--- What needs to be done ---
Below you will find a set of lines. Repeat them all exactly.

Scraped caption text data
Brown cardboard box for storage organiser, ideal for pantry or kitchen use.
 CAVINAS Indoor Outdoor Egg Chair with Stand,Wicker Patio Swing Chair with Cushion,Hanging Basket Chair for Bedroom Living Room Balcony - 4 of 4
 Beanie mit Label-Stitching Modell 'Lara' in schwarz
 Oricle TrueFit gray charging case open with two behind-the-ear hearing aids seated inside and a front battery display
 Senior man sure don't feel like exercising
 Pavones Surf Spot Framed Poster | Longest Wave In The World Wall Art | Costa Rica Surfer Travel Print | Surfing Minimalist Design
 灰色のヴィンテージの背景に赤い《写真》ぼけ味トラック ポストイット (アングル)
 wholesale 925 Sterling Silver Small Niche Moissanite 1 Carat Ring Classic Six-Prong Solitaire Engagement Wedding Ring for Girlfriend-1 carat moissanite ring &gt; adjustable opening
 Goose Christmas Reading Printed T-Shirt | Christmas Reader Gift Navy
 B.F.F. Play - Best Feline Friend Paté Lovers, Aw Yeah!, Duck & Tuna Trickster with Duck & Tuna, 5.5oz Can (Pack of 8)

--- Response to this task ---
Brown cardboard box for storage organiser, ideal for pantry or kitchen use.
 CAVINAS Indoor Outdoor Egg Chair with Stand,Wicker Patio Swing Chair with Cushion,Hanging Basket Chair for Bedroom Living Room Balcony - 4 of 4
 Beanie mit Label-Stitching Modell 'Lara' in schwarz
 Oricle TrueFit gray charging case open with two behind-the-ear hearing aids seated inside and a front battery display
 Senior man sure don't feel like exercising
 Pavones Surf Spot Framed Poster | Longest Wave In The World Wall Art | Costa Rica Surfer Travel Print | Surfing Minimalist Design
 灰色のヴィンテージの背景に赤い《写真》ぼけ味トラック ポストイット (アングル)
 wholesale 925 Sterling Silver Small Niche Moissanite 1 Carat Ring Classic Six-Prong Solitaire Engagement Wedding Ring for Girlfriend-1 carat moissanite ring &gt; adjustable opening
 Goose Christmas Reading Printed T-Shirt | Christmas Reader Gift Navy
 B.F.F. Play - Best Feline Friend Paté Lovers, Aw Yeah!, Duck & Tuna Trickster with Duck & Tuna, 5.5oz Can (Pack of 8)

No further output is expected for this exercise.